The unveiling of the first of Society’s World War 2 memorial plaques got off to a very satisfactory start in January. On Sunday 6th January, Corinne Wakefield, who survived the V2 explosion which killed seven residents of Court Lane, unveiled the plaque to commemorate those who died. Her graphic account of the war and more particularly the afternoon of 6th January 1945 was published in the Winter edition of this Journal. Dr Kenneth Wolfe, Vice-Chairman of the Society gave a very moving address in front of a considerable gathering of members and residents.
On the Saturday following, 12th January, a second plaque was unveiled at the corner of Lytcott Grove and Melbourne Grove to commemorate the twenty civilians killed in air-raids on 16th September 1940 during the Blitz and on 17th January 1943 in a German retaliation raid for the bombing of Berlin. The plaques were unveiled, and names of those killed were read out by former Playfield Crescent resident Alan Woodfield. Also present, at the invitation of the Society was Major David Dalziel representing the Salvation Army, a reminder of their presence on the morning following the raid when the Salvation Army dispensed mugs of tea and words of comfort to the survivors. Dr Wolfe also ably conducted this unveiling and spoke of those whose life was taken from them by war.
The weather was bitterly cold, which whilst it did not detract from the gathering of a large number of attendees was nevertheless a reminder of the extreme discomfort suffered in January 1943 by those who had already faced the horror of such widespread devastation of their homes and the death of their loved ones.

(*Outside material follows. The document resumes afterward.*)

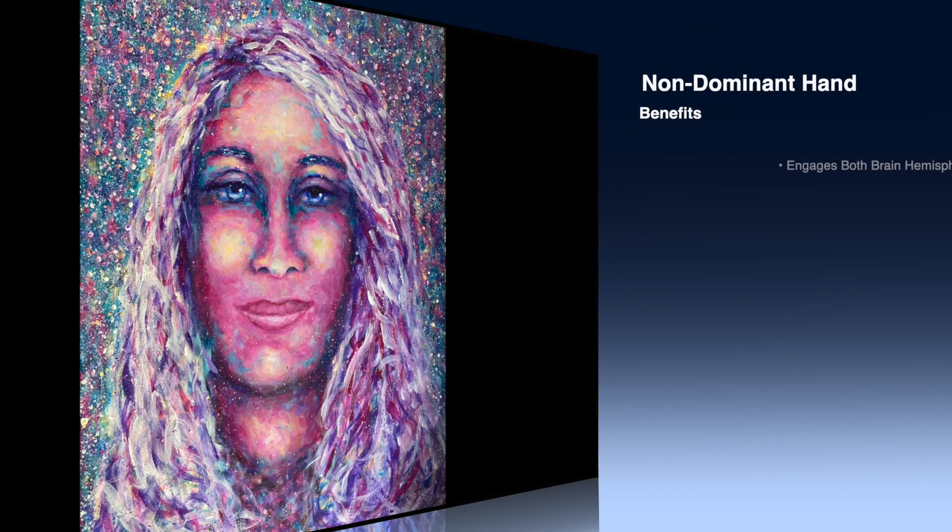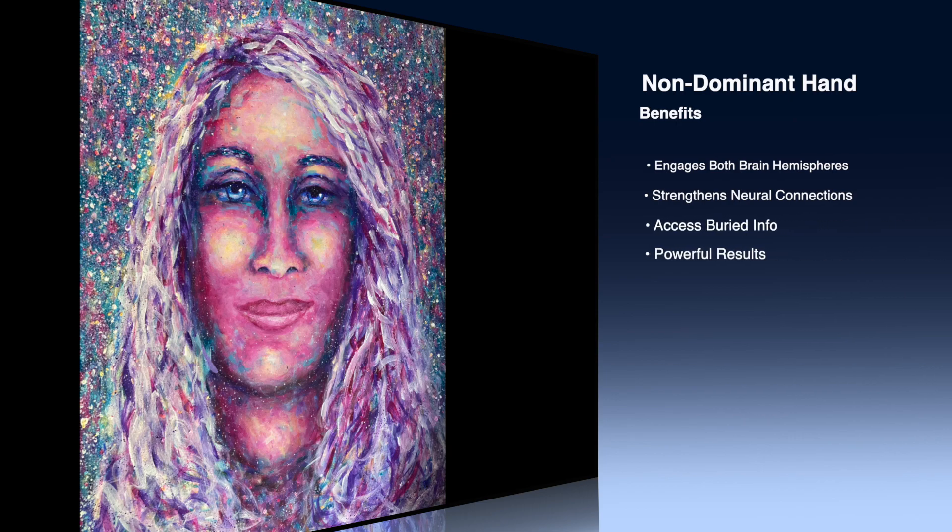When you use your non-dominant hand it stimulates both hemispheres of the brain. The left hemisphere is the cognitive side and the right hemisphere is the creative side. When both hemispheres are working together, you get powerful results both mentally and physically.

After the unveiling, Alan Woodfield composed the following poem:
THEN AND NOW
It is a Sunday evening
In a wartime winter
In a residential patch
Of South East Twenty Two.
The air raid siren wails
Search lights sweep the skies
Ack ack guns send up their flak
A bomber’s engine drones
Offloads its deadly cargo-
A landmine on a parachute
Which, hidden in the darkness,
Floats down unseen and silent,
Ominous, and then arrives….
In one dire moment, detonates,
Destroying roads of terraced homes.
Ambulance teams search through the chaos
Pull out bodies from the wreckage.
Next day the papers state the number,
Absorbed by London’s mounting total.
But who were they?
All of seventy years have passed
But now The Dulwich Society
Removes vague anonymity.
Transforming numbers into names.
Almost to the very day
Almost at the very spot
When and where that mine touched earth,
A quiet group assembles
To remember those who died that night.
A neat memorial plaque’s unveiled,
The eleven names read out
Of those found in the ruins-
A needed fitting closure
Of that far off tragic night.
The Dulwich Society will unveil a commemorative plaque to World War II victims of BURBAGE ROAD on Saturday 13th April 2013 at 12 noon (at the junction of Burbage Road and Turney Road)
In commemoration of those killed in an air raid on 17 April 1941
ELIZABETH FEAVER 59, FREDERICK FEAVER 56, JOAN FEAVER 17, RAYMOND FEAVER 18
And those killed by a V1 flying bomb on 22 June 1944.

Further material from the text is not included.